- [Activity]: Output nothing but the lines from the first line of the listing below through the line containing "夢到己逝者再逝會有什麼預兆_周公解夢官網", printed exactly and free of pictures.

- [Collected material]:
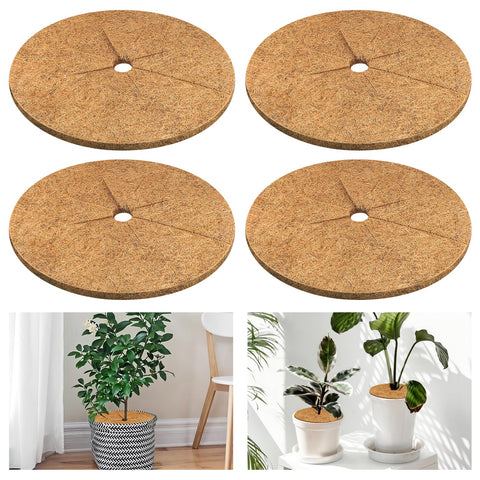 Legigo coconut fiber mulch ring around a potted plant for moisture retention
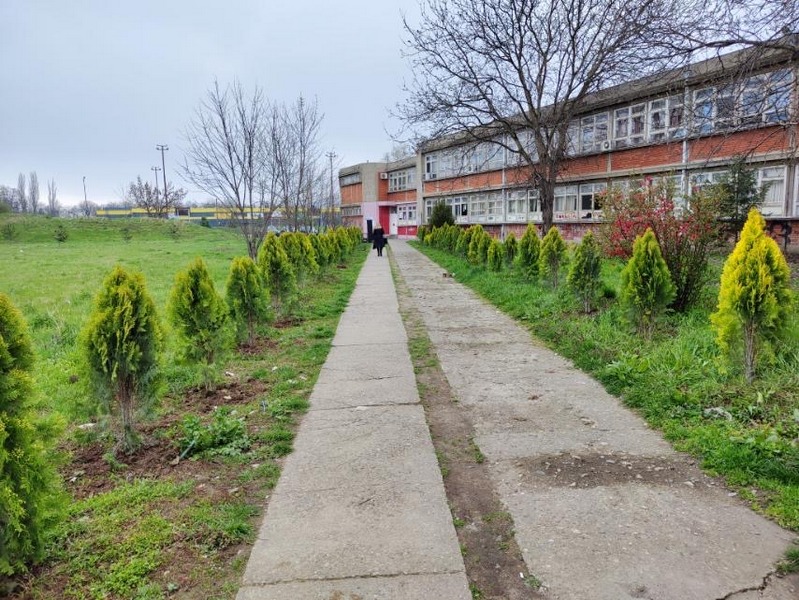 Dvorište Ekonomske škole oplemenjeno sa 60 ukrasnih četinara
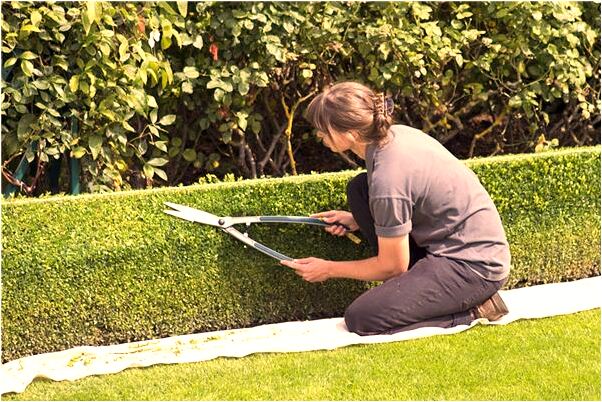 夢到己逝者再逝會有什麼預兆_周公解夢官網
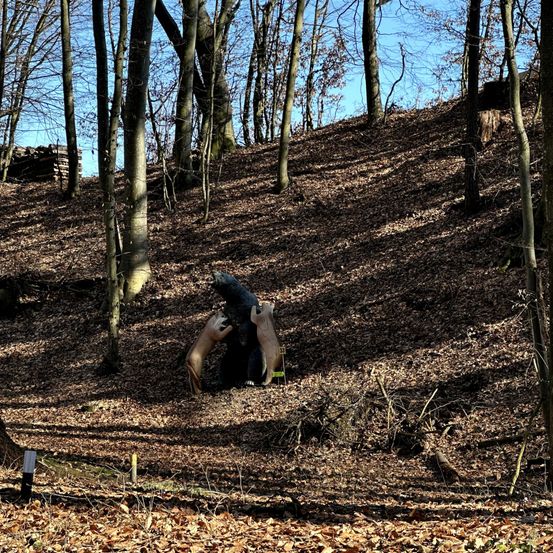 Eine Person befindet sich in einem Wald, möglicherweise beim Wandern, mit drei in den Boden geschnitzten Bären. Der Wald ist von Bäumen umgeben und hat eine sanfte Steigung. Links befindet sich ein Holzhaufen.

- [Result for this task]:
 Legigo coconut fiber mulch ring around a potted plant for moisture retention
 Dvorište Ekonomske škole oplemenjeno sa 60 ukrasnih četinara
 夢到己逝者再逝會有什麼預兆_周公解夢官網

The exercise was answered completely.